ArrayAdapter in android to create simple listview

Nirav Kamani picture Nirav Kamani · Sep 29, 2013 · Viewed 228.1k times · Source

I tried to create an Activity in Android, This Activity only contains a ListView nothing else.

As I know to fill the listview we need to use an ArrayAdapter.

So to understand the ArrayAdapter I have read the following link:

http://developer.android.com/reference/android/widget/ArrayAdapter.html

But still I am unable to understand it clearly!

One of the biggest doubt is why the constructor needs a TextView resource id while my activity is not having any TextViews what I should have to give it?

I am not saying that this is the only constructor, just that I'm unable to understand the logic behind it.

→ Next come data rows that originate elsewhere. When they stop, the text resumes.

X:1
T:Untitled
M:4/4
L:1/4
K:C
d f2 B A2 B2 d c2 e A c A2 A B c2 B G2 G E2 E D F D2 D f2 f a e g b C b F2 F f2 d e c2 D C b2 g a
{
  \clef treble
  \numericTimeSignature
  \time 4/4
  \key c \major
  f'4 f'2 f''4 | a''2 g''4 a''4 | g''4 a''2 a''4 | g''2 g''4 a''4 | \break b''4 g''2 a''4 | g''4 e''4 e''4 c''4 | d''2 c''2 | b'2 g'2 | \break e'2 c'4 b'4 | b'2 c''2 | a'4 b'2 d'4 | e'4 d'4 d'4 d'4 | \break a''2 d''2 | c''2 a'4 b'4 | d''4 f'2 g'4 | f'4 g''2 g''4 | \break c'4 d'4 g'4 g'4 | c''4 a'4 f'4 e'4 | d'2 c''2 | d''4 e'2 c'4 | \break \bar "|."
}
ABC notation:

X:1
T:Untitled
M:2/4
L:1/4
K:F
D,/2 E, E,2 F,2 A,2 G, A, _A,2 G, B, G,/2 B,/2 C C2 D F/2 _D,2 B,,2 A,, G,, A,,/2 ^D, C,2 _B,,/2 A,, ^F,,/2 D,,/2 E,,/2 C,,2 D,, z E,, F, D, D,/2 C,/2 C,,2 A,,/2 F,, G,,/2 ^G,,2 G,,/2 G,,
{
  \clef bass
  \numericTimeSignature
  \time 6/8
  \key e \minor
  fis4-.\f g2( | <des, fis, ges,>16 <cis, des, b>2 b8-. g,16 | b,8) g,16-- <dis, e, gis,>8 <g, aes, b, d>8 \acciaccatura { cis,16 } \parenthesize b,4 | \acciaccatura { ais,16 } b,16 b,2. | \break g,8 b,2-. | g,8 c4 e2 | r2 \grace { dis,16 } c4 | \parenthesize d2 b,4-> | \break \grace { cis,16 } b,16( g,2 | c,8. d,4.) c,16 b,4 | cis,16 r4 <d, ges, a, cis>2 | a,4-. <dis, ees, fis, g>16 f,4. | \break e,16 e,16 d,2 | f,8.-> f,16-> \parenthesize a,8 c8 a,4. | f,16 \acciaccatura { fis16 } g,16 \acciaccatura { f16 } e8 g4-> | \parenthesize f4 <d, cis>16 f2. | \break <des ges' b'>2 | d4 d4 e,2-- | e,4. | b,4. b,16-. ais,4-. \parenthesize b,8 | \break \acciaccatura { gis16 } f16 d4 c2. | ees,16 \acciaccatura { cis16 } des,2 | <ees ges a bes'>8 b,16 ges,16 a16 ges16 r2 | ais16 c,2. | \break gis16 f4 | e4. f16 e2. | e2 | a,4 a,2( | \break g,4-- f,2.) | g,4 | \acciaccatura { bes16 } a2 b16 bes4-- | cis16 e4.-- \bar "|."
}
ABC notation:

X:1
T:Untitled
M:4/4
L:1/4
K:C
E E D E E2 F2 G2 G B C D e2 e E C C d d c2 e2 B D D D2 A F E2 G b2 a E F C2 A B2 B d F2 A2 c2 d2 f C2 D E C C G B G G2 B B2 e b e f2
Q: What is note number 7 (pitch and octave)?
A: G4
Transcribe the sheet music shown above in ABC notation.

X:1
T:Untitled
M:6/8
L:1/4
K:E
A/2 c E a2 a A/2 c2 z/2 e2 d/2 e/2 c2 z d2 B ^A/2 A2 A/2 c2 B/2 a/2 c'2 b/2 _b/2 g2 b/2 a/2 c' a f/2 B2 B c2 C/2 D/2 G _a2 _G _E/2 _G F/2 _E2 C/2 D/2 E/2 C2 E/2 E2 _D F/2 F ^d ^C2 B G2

In order to create a simple listview I also referred to the following link:

Simple ListView using ArrayAdapter example.

But again my main doubt is why it does it need a TextView resource id?

If anybody can explain it with an example it will be very helpful.

EDIT:

ArrayAdapter<String> adapter = new ArrayAdapter<String>(this,
          android.R.layout.simple_list_item_1, android.R.id.text1, values);

Answer

ucsunil picture ucsunil · Jan 14, 2014

ArrayAdapter uses a TextView to display each item within it. Behind the scenes, it uses the toString() method of each object that it holds and displays this within the TextView. ArrayAdapter has a number of constructors that can be used and the one that you have used in your example is:

ArrayAdapter(Context context, int resource, int textViewResourceId, T[] objects)

By default, ArrayAdapter uses the default TextView to display each item. But if you want, you could create your own TextView and implement any complex design you'd like by extending the TextView class. This would then have to go into the layout for your use. You could reference this in the textViewResourceId field to bind the objects to this view instead of the default.

For your use, I would suggest that you use the constructor:

ArrayAdapter(Context context, int resource, T[] objects). 

In your case, this would be:

ArrayAdapter<String>(this, android.R.layout.simple_list_item_1, values)

and it should be fine. This will bind each string to the default TextView display - plain and simple white background.

So to answer your question, you do not have to use the textViewResourceId.